_Provided data_
▶

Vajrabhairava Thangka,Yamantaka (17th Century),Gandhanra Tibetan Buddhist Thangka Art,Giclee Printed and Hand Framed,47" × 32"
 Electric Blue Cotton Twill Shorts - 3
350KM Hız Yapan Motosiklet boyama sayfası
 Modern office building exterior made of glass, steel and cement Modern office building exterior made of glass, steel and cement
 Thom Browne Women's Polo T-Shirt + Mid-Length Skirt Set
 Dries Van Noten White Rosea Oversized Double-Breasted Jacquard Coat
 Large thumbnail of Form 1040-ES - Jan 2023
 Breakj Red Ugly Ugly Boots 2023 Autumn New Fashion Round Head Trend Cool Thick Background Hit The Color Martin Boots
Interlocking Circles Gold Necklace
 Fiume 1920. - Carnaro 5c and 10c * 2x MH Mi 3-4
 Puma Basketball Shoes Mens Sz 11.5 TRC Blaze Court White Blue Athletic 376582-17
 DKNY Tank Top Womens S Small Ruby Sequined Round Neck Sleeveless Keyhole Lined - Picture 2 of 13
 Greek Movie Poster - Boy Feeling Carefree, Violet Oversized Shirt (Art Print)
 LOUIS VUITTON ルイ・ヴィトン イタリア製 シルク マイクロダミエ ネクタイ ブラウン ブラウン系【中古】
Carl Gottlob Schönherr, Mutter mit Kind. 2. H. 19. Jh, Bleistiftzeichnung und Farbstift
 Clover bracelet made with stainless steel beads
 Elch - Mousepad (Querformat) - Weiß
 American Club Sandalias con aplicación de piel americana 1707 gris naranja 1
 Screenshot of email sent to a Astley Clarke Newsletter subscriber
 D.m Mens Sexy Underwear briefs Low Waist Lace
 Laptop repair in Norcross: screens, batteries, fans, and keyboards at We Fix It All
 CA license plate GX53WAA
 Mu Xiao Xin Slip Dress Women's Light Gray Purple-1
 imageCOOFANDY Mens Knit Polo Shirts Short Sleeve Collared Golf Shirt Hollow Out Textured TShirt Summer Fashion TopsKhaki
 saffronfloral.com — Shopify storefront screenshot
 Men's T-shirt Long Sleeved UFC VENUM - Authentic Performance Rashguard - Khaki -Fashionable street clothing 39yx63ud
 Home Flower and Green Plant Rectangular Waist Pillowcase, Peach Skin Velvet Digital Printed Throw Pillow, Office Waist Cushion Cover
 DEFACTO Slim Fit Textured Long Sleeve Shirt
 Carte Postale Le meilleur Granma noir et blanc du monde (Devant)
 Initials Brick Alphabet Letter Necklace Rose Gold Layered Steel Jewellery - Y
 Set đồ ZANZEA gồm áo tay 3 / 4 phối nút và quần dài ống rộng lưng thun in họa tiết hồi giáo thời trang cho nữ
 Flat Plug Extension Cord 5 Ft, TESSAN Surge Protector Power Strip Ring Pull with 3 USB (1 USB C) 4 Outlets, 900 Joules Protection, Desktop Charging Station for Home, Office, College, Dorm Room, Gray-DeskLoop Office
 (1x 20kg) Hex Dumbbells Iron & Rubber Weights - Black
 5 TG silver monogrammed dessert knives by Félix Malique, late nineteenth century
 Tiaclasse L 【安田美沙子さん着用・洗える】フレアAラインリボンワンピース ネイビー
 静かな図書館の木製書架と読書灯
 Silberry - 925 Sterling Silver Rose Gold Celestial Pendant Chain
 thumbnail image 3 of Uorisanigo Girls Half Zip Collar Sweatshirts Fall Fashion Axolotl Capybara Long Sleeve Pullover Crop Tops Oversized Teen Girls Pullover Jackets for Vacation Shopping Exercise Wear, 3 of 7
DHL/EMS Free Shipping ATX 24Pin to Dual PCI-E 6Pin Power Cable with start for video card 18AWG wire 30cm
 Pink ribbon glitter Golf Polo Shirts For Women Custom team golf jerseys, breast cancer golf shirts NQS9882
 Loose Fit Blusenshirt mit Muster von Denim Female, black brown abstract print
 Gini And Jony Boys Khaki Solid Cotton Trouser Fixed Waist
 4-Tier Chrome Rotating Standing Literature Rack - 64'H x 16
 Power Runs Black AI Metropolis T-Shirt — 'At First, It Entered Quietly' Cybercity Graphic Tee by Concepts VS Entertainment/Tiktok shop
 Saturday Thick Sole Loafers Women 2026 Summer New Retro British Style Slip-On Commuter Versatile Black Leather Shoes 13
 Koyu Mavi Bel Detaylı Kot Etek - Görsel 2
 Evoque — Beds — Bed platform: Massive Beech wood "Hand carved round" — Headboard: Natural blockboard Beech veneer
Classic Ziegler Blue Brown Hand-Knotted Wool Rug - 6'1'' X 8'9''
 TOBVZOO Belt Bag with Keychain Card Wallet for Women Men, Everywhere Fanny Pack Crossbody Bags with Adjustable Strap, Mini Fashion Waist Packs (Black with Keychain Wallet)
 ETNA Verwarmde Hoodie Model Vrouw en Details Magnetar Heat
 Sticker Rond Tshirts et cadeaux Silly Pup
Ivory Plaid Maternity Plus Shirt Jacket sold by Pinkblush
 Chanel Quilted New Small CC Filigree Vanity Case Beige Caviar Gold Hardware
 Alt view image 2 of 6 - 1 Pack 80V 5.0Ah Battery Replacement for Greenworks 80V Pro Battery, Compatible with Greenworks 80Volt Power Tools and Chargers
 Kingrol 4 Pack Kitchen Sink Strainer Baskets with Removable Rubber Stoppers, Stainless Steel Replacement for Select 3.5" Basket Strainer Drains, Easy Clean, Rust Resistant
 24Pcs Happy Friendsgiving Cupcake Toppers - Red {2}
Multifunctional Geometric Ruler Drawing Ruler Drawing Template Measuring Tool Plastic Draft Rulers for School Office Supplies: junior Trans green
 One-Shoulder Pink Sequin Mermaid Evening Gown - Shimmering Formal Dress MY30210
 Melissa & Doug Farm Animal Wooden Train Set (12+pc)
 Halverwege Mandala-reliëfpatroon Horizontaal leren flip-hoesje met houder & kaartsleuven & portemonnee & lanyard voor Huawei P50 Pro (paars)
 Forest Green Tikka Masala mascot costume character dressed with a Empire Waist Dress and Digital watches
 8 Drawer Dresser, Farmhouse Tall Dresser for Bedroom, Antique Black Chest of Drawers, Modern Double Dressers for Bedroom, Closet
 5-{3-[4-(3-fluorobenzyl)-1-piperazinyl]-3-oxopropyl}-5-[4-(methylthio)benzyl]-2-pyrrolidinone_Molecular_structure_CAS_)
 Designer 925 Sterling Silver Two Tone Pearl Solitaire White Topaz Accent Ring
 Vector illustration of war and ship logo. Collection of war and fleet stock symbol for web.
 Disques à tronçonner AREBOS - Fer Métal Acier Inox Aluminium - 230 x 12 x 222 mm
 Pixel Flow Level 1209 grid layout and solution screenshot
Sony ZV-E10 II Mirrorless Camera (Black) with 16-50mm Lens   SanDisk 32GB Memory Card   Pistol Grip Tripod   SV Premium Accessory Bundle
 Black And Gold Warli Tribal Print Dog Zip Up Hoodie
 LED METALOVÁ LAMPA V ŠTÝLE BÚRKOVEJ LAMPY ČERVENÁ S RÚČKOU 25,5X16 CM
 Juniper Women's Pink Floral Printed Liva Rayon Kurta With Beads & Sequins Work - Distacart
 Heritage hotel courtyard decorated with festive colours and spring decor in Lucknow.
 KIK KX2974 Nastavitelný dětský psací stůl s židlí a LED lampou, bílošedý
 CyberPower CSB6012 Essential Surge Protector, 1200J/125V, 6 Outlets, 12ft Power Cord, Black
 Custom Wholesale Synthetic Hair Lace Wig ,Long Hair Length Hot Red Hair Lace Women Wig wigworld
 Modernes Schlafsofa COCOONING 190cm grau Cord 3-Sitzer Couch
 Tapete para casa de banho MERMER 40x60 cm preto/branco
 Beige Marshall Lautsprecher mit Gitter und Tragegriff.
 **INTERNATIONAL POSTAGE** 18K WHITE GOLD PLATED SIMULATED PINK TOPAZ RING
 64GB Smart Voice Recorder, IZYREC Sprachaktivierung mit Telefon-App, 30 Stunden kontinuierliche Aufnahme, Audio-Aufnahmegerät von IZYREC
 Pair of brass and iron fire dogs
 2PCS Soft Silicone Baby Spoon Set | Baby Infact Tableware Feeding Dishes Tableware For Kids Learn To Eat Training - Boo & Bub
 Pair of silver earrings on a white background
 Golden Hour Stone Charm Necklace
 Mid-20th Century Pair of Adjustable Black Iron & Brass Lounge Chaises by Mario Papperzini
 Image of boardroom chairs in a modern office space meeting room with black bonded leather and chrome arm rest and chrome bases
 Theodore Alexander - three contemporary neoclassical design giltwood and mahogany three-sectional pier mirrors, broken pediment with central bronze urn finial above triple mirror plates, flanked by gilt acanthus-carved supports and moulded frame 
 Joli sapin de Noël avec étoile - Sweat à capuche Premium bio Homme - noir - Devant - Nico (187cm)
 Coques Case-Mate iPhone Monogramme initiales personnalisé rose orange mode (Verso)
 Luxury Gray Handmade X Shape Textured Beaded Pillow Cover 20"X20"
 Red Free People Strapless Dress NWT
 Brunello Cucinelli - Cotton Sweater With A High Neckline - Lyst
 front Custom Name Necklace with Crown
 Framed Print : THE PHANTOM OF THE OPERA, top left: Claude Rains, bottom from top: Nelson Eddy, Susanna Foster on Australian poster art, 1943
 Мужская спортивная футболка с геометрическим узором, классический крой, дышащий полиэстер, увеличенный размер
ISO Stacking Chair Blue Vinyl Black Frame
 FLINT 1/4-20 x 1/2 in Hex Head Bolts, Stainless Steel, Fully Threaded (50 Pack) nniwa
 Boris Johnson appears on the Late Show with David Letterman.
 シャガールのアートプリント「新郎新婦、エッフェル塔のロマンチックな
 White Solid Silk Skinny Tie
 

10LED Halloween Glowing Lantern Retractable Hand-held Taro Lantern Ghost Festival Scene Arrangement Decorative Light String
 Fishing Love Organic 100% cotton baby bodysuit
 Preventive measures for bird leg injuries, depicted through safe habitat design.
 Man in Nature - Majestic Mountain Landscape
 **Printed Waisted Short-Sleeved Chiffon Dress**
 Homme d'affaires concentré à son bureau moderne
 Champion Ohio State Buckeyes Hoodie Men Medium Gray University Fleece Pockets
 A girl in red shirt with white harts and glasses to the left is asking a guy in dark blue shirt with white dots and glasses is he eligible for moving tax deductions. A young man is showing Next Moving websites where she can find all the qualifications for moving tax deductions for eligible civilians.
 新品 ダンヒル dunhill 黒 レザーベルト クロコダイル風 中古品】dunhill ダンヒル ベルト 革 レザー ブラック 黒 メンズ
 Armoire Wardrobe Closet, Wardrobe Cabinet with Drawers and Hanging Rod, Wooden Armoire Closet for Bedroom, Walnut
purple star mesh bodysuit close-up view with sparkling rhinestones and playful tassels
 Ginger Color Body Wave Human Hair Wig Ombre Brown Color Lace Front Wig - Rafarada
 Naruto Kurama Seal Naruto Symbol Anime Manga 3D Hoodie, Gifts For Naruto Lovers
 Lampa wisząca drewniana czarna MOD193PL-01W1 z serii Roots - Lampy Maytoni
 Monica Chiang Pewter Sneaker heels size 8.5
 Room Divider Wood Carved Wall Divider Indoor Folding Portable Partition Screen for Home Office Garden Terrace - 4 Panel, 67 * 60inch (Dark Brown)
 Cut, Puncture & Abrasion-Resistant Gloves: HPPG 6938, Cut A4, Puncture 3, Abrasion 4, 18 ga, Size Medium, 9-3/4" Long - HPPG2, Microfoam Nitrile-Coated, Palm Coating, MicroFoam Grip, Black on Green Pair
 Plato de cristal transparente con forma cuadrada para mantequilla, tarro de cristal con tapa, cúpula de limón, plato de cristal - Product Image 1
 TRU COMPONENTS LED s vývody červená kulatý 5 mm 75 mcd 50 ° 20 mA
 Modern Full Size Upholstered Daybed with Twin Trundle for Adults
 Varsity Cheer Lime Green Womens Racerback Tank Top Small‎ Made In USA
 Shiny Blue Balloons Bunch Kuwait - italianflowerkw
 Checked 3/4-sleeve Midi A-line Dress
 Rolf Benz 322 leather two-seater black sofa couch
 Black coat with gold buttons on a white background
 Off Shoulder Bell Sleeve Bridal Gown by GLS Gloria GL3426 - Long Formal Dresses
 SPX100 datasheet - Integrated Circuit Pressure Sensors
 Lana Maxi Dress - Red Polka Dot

◀

_Aim of the exercise_
Precisely the line with "Off Shoulder Bell" and the lines after it, up to the last line of the entries above, are to be reproduced, and nothing more.

_Solved problem_
 Off Shoulder Bell Sleeve Bridal Gown by GLS Gloria GL3426 - Long Formal Dresses
 SPX100 datasheet - Integrated Circuit Pressure Sensors
 Lana Maxi Dress - Red Polka Dot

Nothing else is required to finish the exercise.